The changes, which are likely to lead to a spate of casino building across Britain and may revolutionise gambling as a social pastime, might even come into force before the next general election. Light at the end of the tunnel? “It’s been a bit frustrating,” admits Kelly, sitting at a meeting table at Gala’s fourth-floor London base, “but that’s the way legislation is introduced.” As a man who has learnt how this government works — it doesn’t like to be criticised — Kelly is not about to complain. He just remains, for someone whose business could be transformed at a stroke, remarkably sanguine.
That’s the Kelly style, say colleagues. For seven years, since he bought 130 bingo clubs from Bass backed by private-equity funding, he has juggled satisfying the demands of his backers with providing a plausible front for gaming-industry concerns and, all the while, growing his business in preparation for the changes. Gala, with a £462m turnover, now has Britain’s largest licensed bingo business (166 clubs) and third-largest casino operation (28 sites).
Kelly, 57, a veteran of the Granada and Mecca bingo groups, has also made himself hugely rich — some estimate a £20m- plus fortune — by changing his private-equity backers twice in the same period. Gala started with backing from PPM Ventures, was sold off to a group led by CSFB in 2000, then picked up by Candover and Cinven in 2003. How does he do it? And why, if Gala is such a good story and gaming is about to undergo a revolution, do these backers keep selling out? Put it to Kelly and he shrugs benignly. “They get their return, they take their win and they go. That’s responsible, because they are managing funds.”

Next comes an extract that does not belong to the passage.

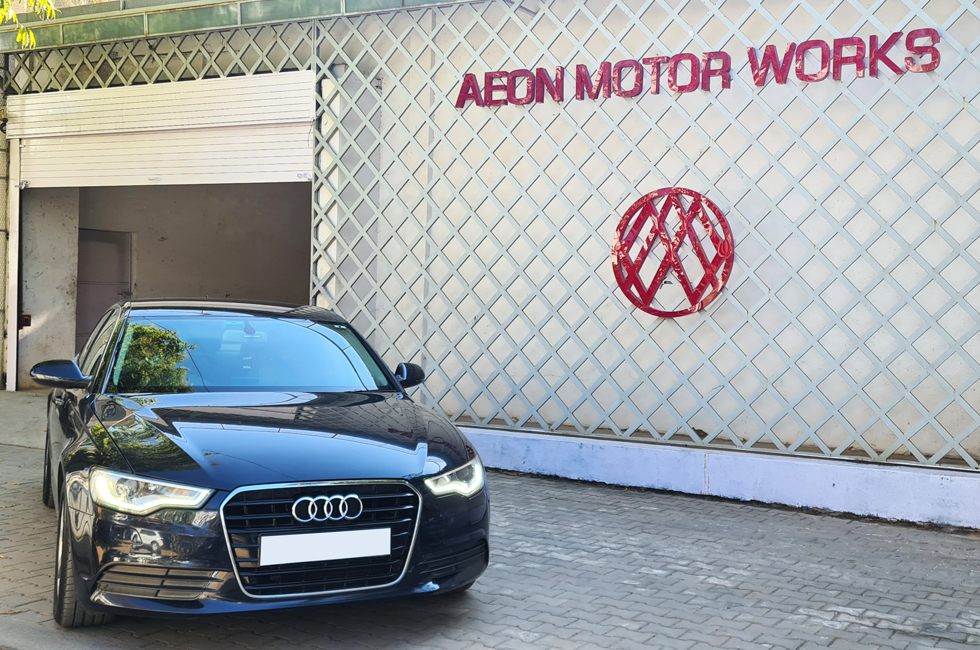 Luxury Car Service in Bangalore, Car Repair Aeon Motor Works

And as the man who runs the roulette table, Kelly seems adept at making more money every time the wheel is spun. “Yup, we have made money from the refinancings,” smiles Kelly candidly, “the management is a major shareholder in this business so the agenda of management and private equity is significantly the same. And we have made more from changing the financing twice, as have 500 of the team, because the equity goes right down through the organisation.”
But for those of us not in City pinstripes it seems mindboggling, especially if the real opportunities have yet to be laid out. Among the coming changes to gaming legislation could be a loosening of restrictions on where you can build casinos, how many slot machines you can offer on each site, on membership rules (punters now have to wait 24 hours to become members and play).

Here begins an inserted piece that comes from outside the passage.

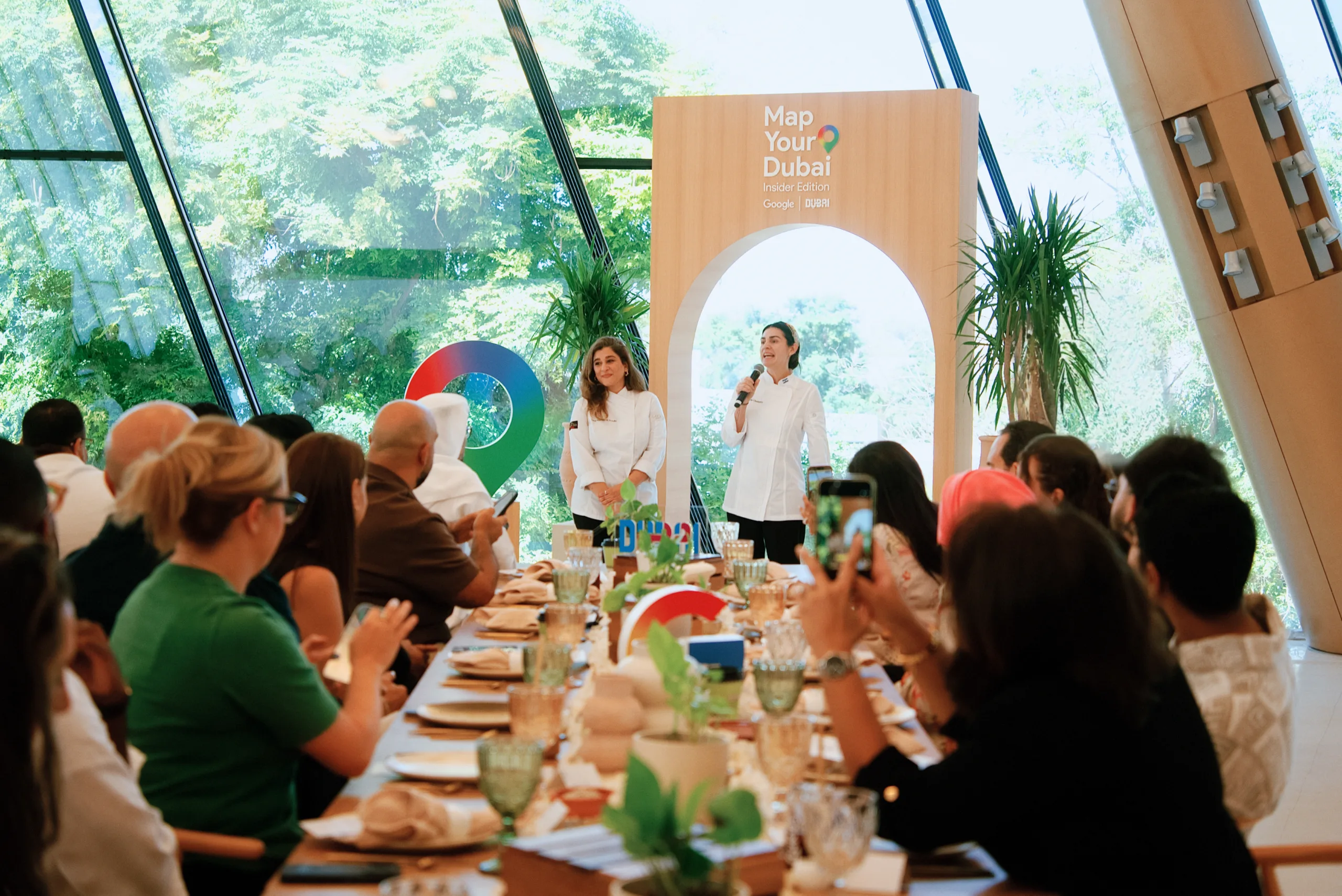 Visit Dubai and Google back local F&B with curated guide lists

These offer interesting possibilities to those already in the market and those waiting outside. Only last June Gala announced a joint-venture deal with Harrah’s Entertainment, America’s largest casino network, to develop new sites here after the deregulation.
Kelly has so much on his plate — newish backers, legislation coming, Americans waiting, a business to run — that his zest for getting things done still comes as a surprise. Tall and angular, a laugh never far from his lips, he mixes sober reflection with bursts of bubbling enthusiasm. Worried that he might be demotivated by his wealth? Don’t even start.

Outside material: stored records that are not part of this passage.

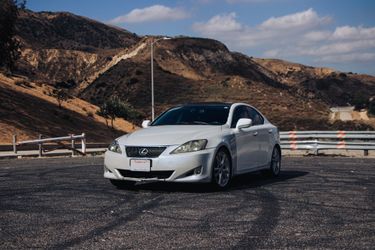 2005 Lexus IS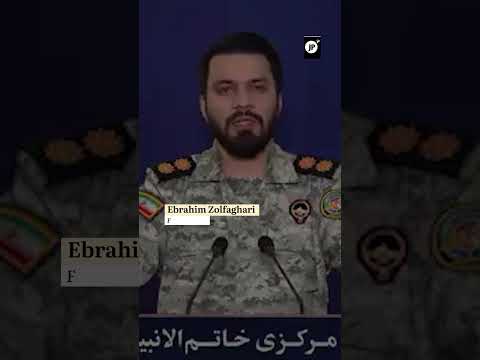 Video Irán: Trump es un peón de Netanyahu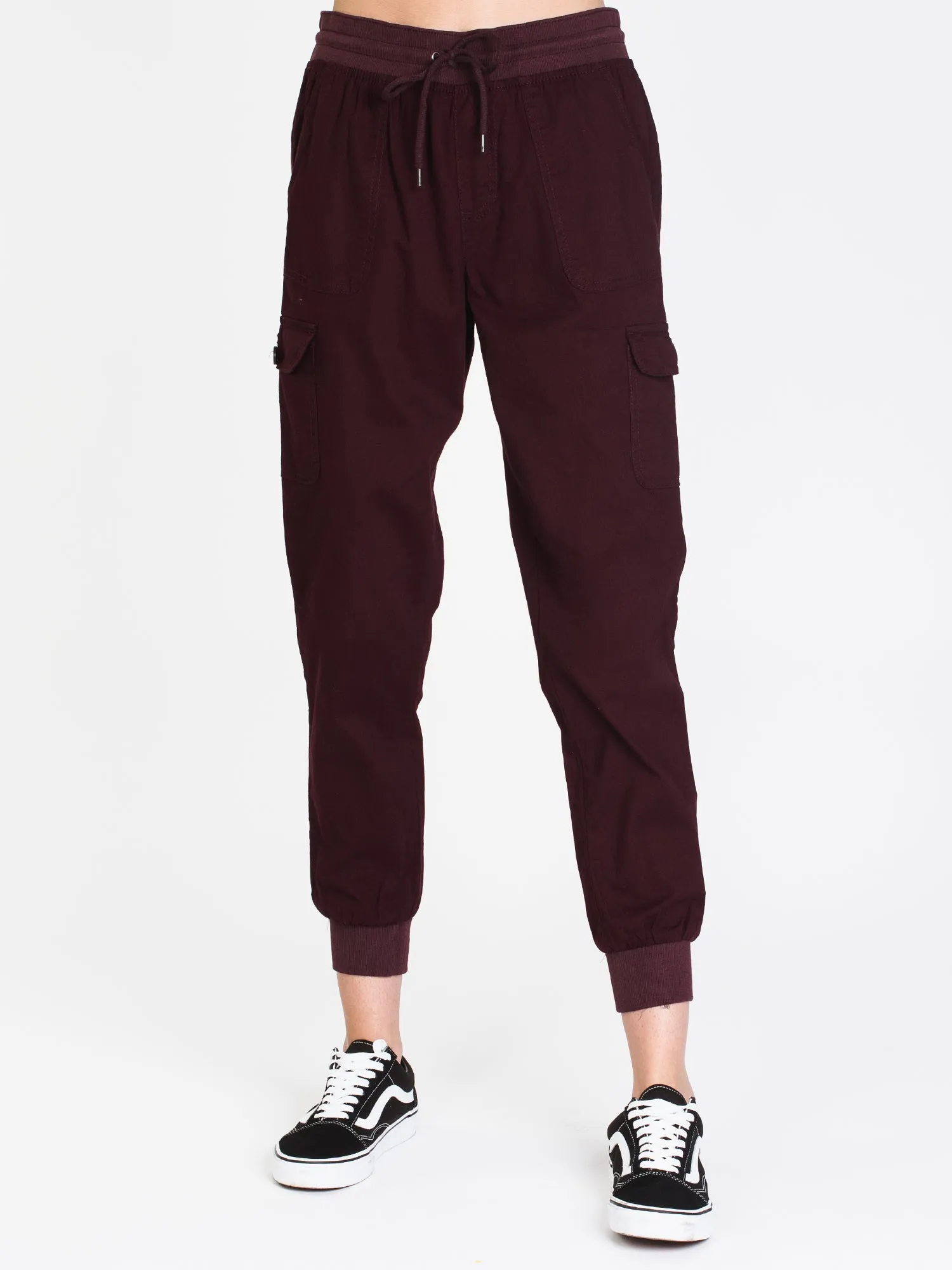 WOMENS CARGO JOGGER - CLEARANCE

“On a Richter scale of where Gala could be, we’ve only reached six, so I still get up in the morning caring as much about Gala as I did seven years ago. It’s fascinating. It’s hypnotising.”
It’s the same oomph he’s put into selling bingo to the mass market — ad campaigns full of glossily good-looking young people — and to a sceptical City crowd as well. “The City was snooty about it,” says Kelly, “but I tell you, play bingo in a coach full of bankers and suddenly they see that what they perceived from a distance as a seedy business, is not that at all. Once they become engaged in it . . .”
They love it, he insists, particularly when they look at Gala’s returns: £59m pre-tax on £190m turnover in 1999, rising to £141m profit last year. “It’s a terrific business, it throws off cash, delivers great results and you get a lot of response to cost.”
Perhaps Kelly’s smartest move was sniffing out that value in the first place. He snapped up the Gala clubs from owner Bass at what now looks a ludicrously low price, and has since built his group shrewdly, bolting on small chains, buying Ladbrokes casinos in December 2000, and investing in clever marketing.